What is the condition for a field to make the degree of its algebraic closure over it infinite? As we all know, the algebraic closure often has an infinite degree.
Also, this shows the necessary and sufficient condition for a Galois extension to be a finite extension of fields.
However, we may want to characterize the cases of the case where the extension is not Galois, which is actually my question.
And this question is related to this question.
 A: Let me summarize the results of $\S 12.4$ of my notes.  (This involves making explicit some things which were left as "exercises", but I'm okay with that.)
Let $K$ be any field, let $K^{\operatorname{sep}}$ be any separable closure and let $\overline{K}$ be any algebraic closure containing $K^{\operatorname{sep}}$.  Then:
1) Suppose first that $K = K^{\operatorname{sep}}$, i.e., $K$ is separably closed.  Then either:
1a) $K$ is algebraically closed, or
1b) It isn't, i.e., $K$ has positive characteristic $p$ and there exists $a \in K$ such that 
the polynomial $t^p - a$ is irreducible.  Then $t^{p^n}-a$ is irreducible for all $n$, so 
$[\overline{K}:K]$ is infinite.  (For this, see Lemma 32 in $\S 6.1$.)
2) Suppose that $K$ is not separably closed, so $G = \operatorname{Aut}(K^{\operatorname{sep}}/K)$ is nontrivial.  Then by the Artin-Schreier theorem, either
2a) $\# G = 2$, in which case $K$ is formally real and $K(\sqrt{-1})$ is algebraically closed, or
2b) $\# G > 2$, in which case $G$ is infinite, which implies $[\overline{K}:K]$ is infinite.   
Note that some of the exercises outline further extensions of the Artin-Schreier Theorem, i.e., if $\overline{K}/K$ is "small" in other ways then $K$ is either real closed or algebraically closed.
A: The Artin-Schreier theorem asserts that, if the field $k$ is not algebraically closed and $[\bar{k} : k]$ is finite, then in fact it equals $2$ and $\bar{k} = k[i]$ and $k$ is real closed.

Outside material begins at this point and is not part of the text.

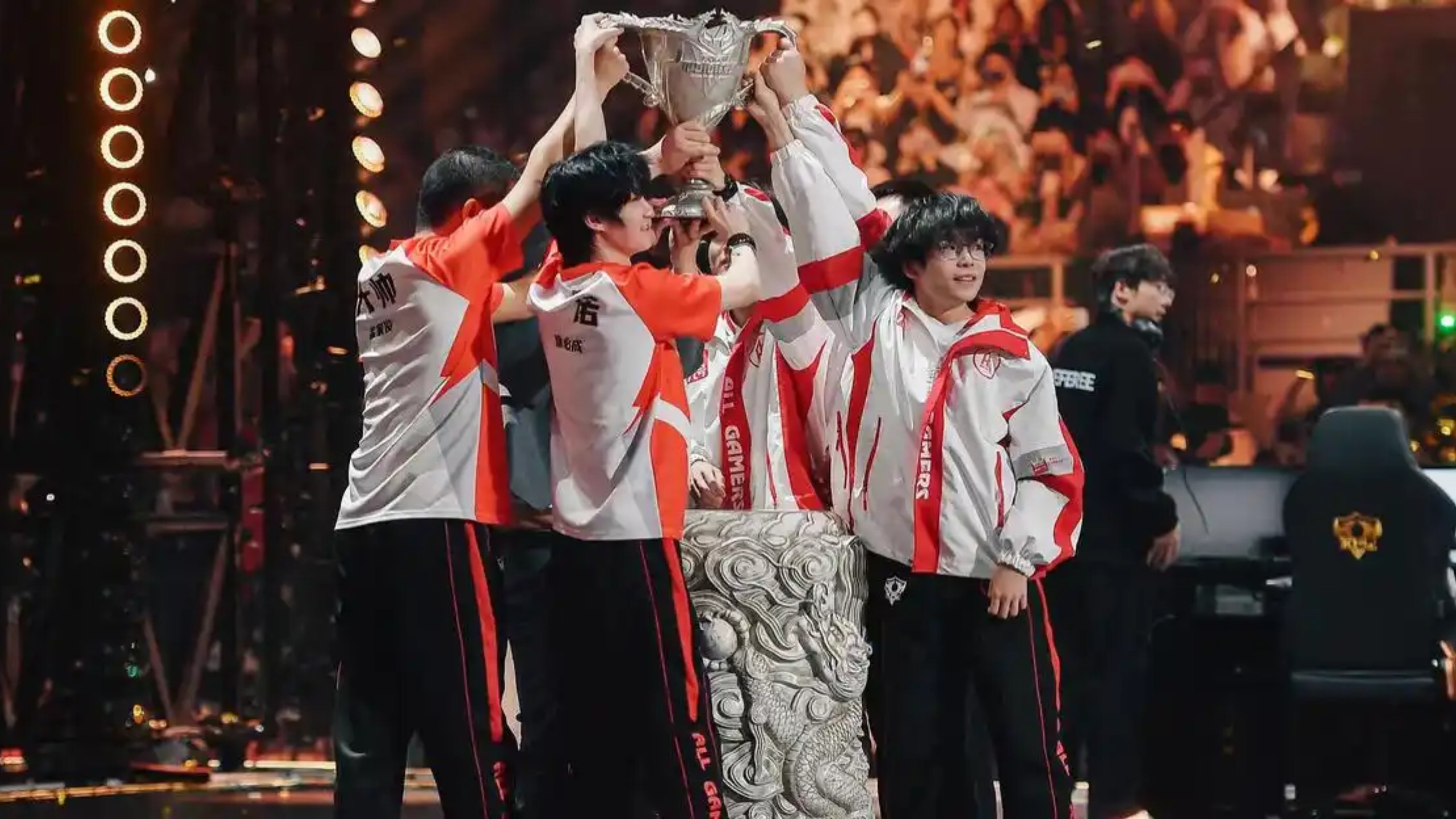 开云体育下载-球队轻取首胜，打破沉闷气氛，勇敢冲向冠军舞台的简单介绍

So I guess the condition you're looking for is: if and only if $k$ is not algebraically closed and also not real closed. 
I am answering the title question, not the body question. The body question is not equivalent to the title question; the answer to it is that the algebraic closure is Galois if and only if it's separable, hence if and only if $k$ is perfect. Perhaps you have only seen the definition of Galois extension for finite extensions. This is not the definition which works in maximal generality. The definition which does work in maximal generality is the following:
Definition: An algebraic extension $k \to L$ is Galois if the fixed field of $\text{Aut}_k(L)$ is $k$.
The separable closure $k_s$ of $k$ is always Galois (in fact it is the maximal Galois extension of $k$), and agrees with the algebraic closure if and only if $k$ is perfect.